(Beginning of INFORMATION SHOWN)
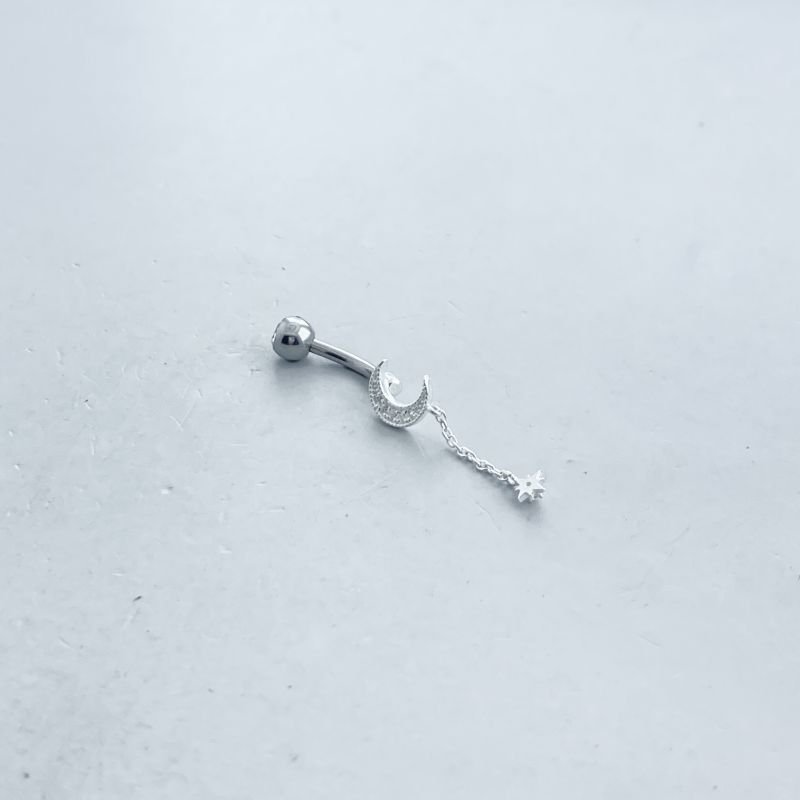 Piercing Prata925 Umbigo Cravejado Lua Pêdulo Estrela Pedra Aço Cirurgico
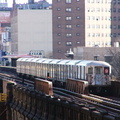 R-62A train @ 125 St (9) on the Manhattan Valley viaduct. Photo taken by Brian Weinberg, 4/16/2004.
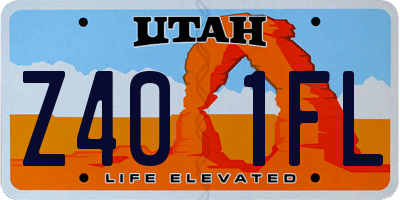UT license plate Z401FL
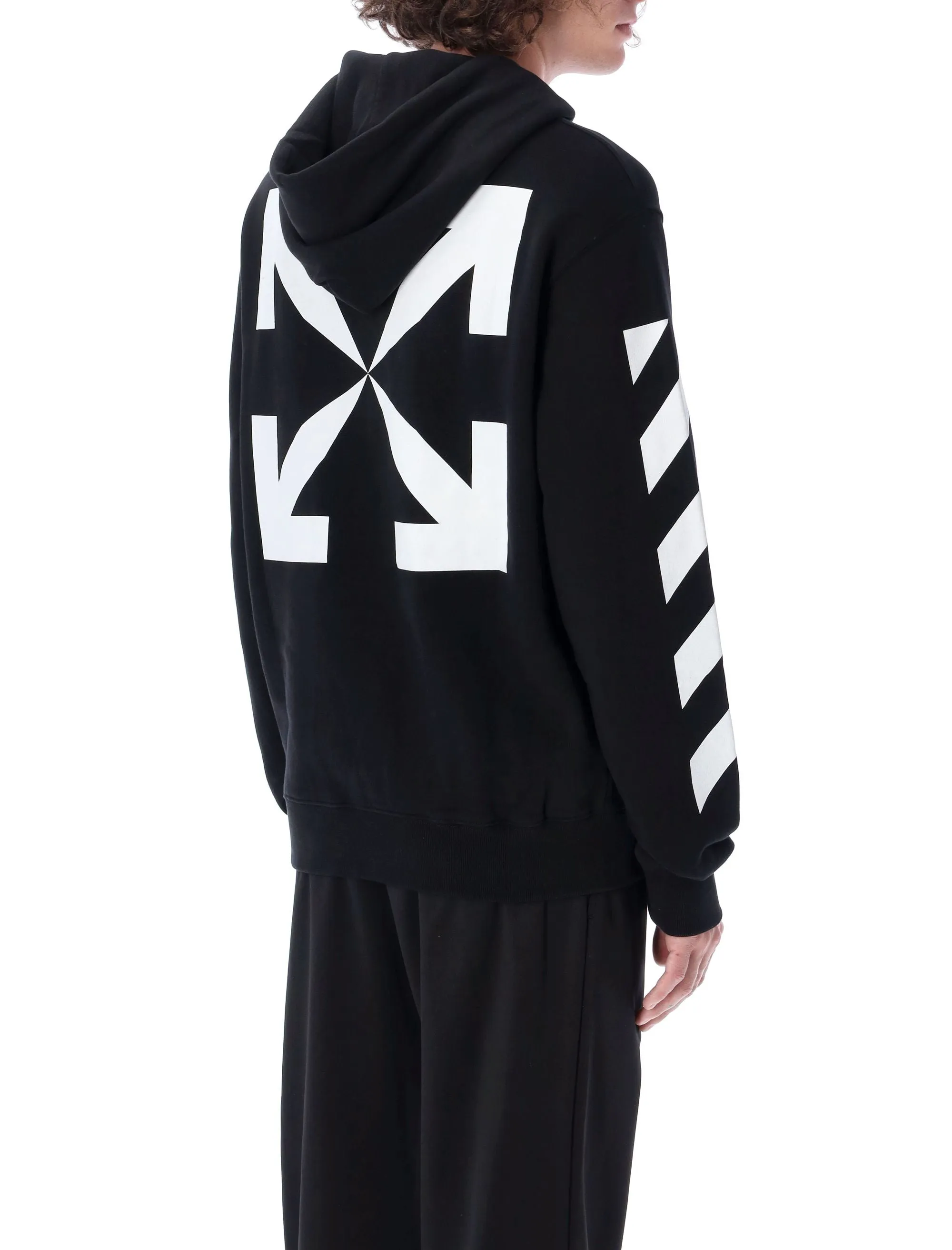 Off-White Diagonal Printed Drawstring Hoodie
(End of INFORMATION SHOWN)
▸ WORK TO BE COMPLETED
Reproduce the material word for word. Skip every picture it holds.

▸ RESULT FOR THIS EXERCISE
 Piercing Prata925 Umbigo Cravejado Lua Pêdulo Estrela Pedra Aço Cirurgico
 R-62A train @ 125 St (9) on the Manhattan Valley viaduct. Photo taken by Brian Weinberg, 4/16/2004.
UT license plate Z401FL
 Off-White Diagonal Printed Drawstring Hoodie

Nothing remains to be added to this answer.